UNMIXING AND MAPPING PIGMENTS: A STATISTICAL APPROACH FOR ART AND ARTIFACTS
In this study we test the ability of a multivariate factor analysis called positive matrix factorization (PMF) to statistically unmix a large XRF-based elemental dataset into unique factors from a painting made with known endmember pigments. Positive matrix factorization deconstructs a dataset and assigns it to two matrices, factor profiles (amount of each species in a factor) and factor contributions (proportion of each factor in a sample) that when multiplied replicate the input data. In this case the factor profile is anticipated to correlate to a pigment while the contribution would indicate how much of each pigment was present. Eight natural pigments were acquired and characterized by X-ray diffraction and XRF spectroscopy. They were then mixed at known weight percentages of 20:80, 40:60, 60:40, and 80:20 yielding 112 mixtures and analyzed by XRF spectroscopy. Finally, a painting was made using the eight end member pigments.
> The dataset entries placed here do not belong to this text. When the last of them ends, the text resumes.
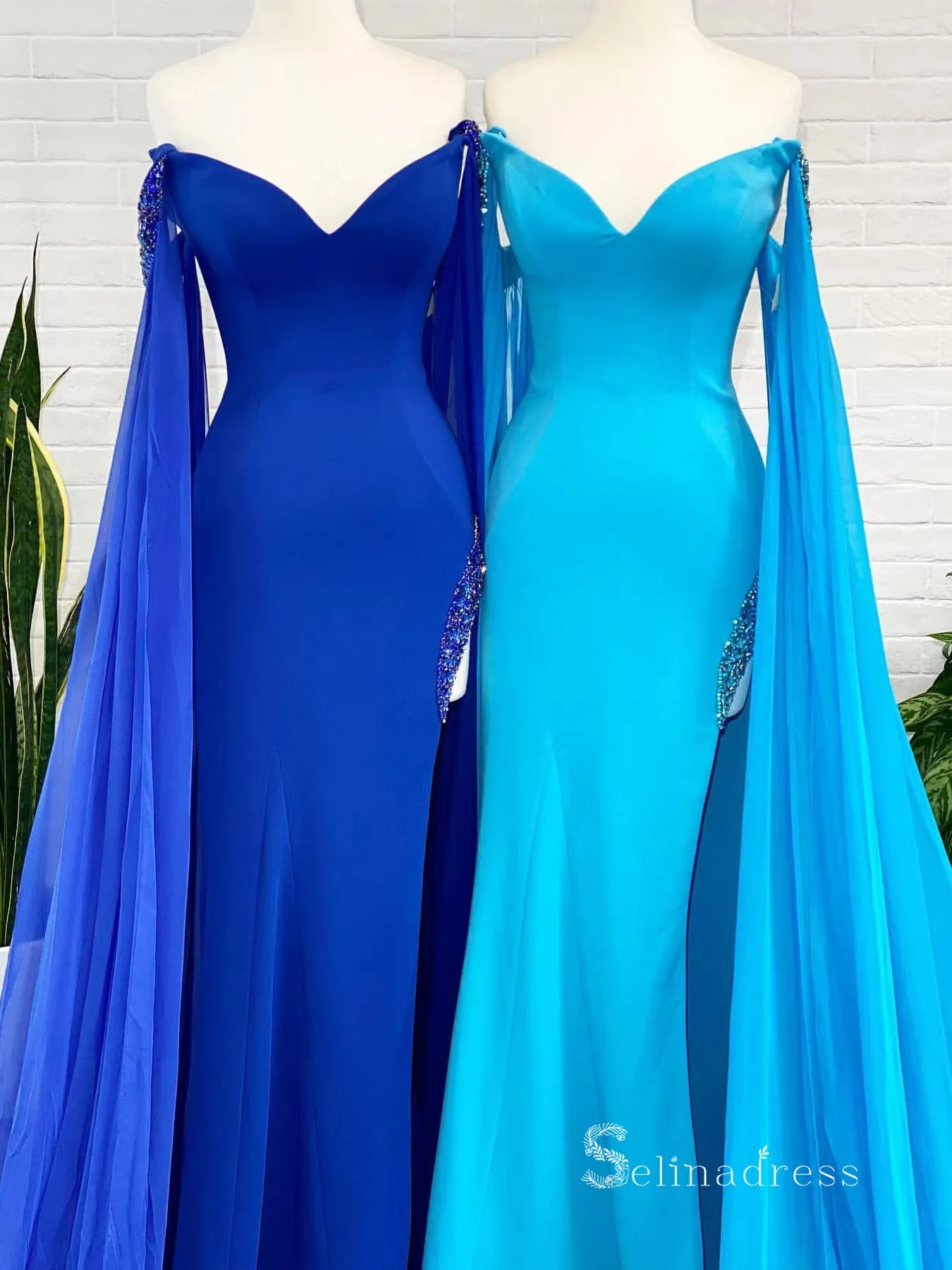 Chic A-line Off-the-shoulder Chiffon Long Prom Dresses Cheap Evening Dresses MLK04884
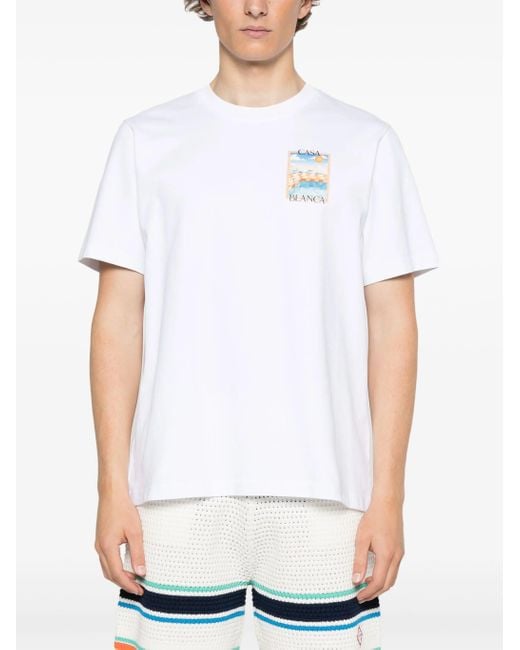 Casablanca White Surreal Pool Printed T-Shirt for men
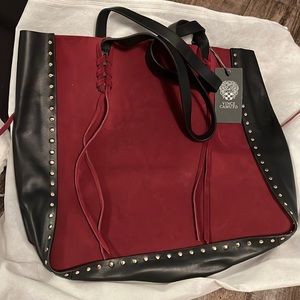 red and black leather vince camuto bag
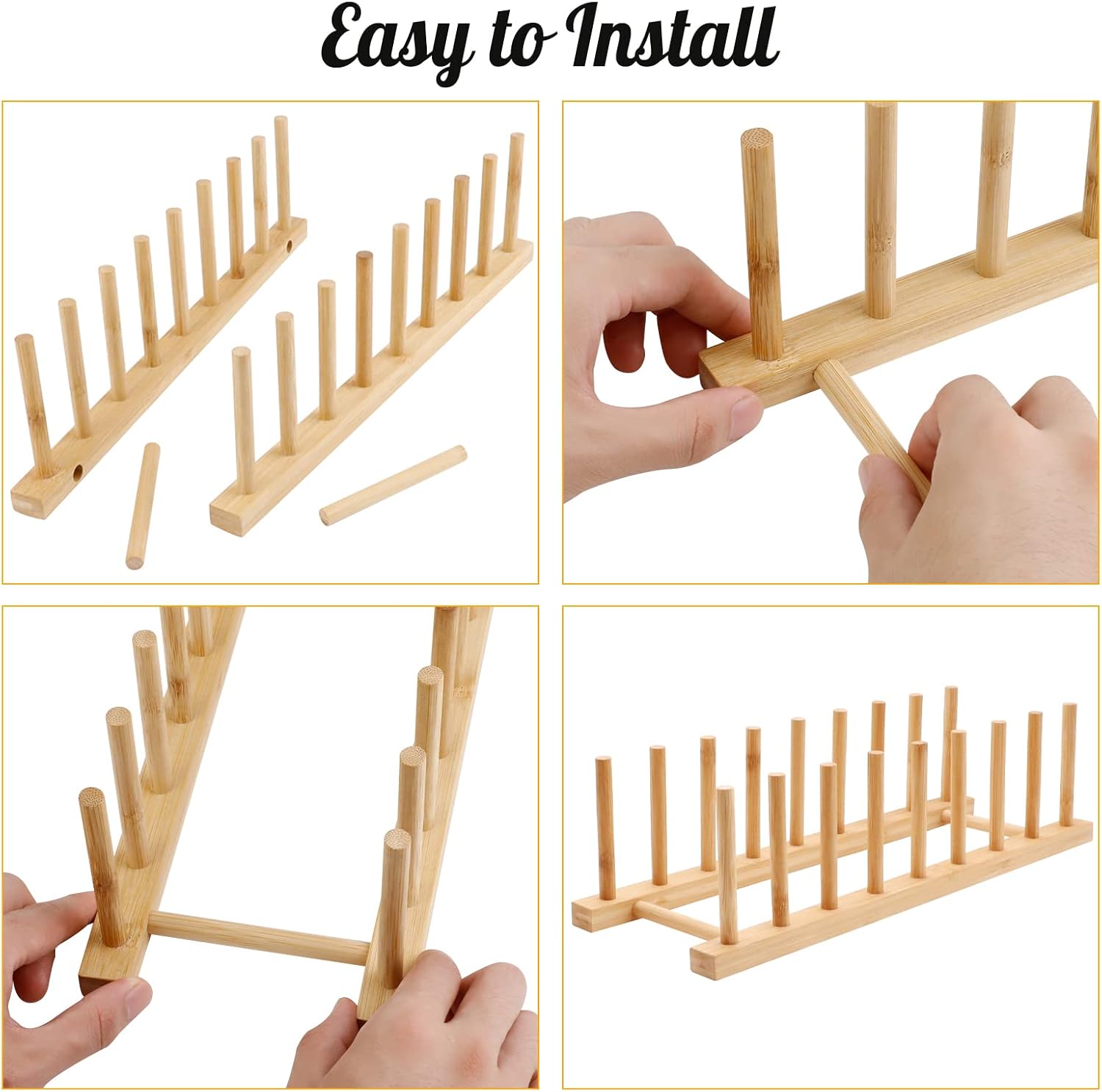 2PC Bamboo Wooden Dish Drying Rack, 8-Slot Plate Rack Cabinet Dish Stand Organizer for Kitchen Counter, Drainer Storage Holder for Bowl/Cup/Lid/Cutting Board/Book, Space-Saving Design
Elemental analysis of the painting was conducted using two instruments: a Bruker Tracer III-SD pXRF spectrometer at a 3 mm by 3 mm resolution and the Bruker Elio at a 1 mm by 1 mm resolution. Concentrations were calculated using calibration to a set of mudrock standards for the Tracer III dataset and fundamental parameter calibration for the Elio dataset. Elemental concentrations and PMF factor contributions for each data point were mapped to allow for spatial comparison to the original painting.
Preliminary results indicate that; 1) elemental ratios of known two-pigment mixtures lie on mixing lines between their endmember pigments, 2) elemental maps correlate to the original picture, and 3) some factor profiles match well to know end member pigments while others appear to correlated to minerals common to more than one pigment.